• **PROBLEM REQUIREMENTS**
Take the line with "Photo of property" and every line after it in the data. Transcribe them exactly, through the last.

------------------------------------------------

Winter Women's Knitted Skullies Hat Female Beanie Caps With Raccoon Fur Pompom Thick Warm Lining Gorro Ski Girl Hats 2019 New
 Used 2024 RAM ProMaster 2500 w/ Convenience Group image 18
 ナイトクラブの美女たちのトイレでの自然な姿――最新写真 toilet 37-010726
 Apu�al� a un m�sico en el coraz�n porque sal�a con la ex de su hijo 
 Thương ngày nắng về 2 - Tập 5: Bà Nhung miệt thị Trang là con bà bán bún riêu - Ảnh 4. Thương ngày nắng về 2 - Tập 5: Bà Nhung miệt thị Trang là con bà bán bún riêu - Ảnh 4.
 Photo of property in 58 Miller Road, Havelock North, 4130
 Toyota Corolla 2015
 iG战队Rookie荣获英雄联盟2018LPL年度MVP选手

------------------------------------------------

• **ANSWER TO THIS EXERCISE**
 Photo of property in 58 Miller Road, Havelock North, 4130
 Toyota Corolla 2015
 iG战队Rookie荣获英雄联盟2018LPL年度MVP选手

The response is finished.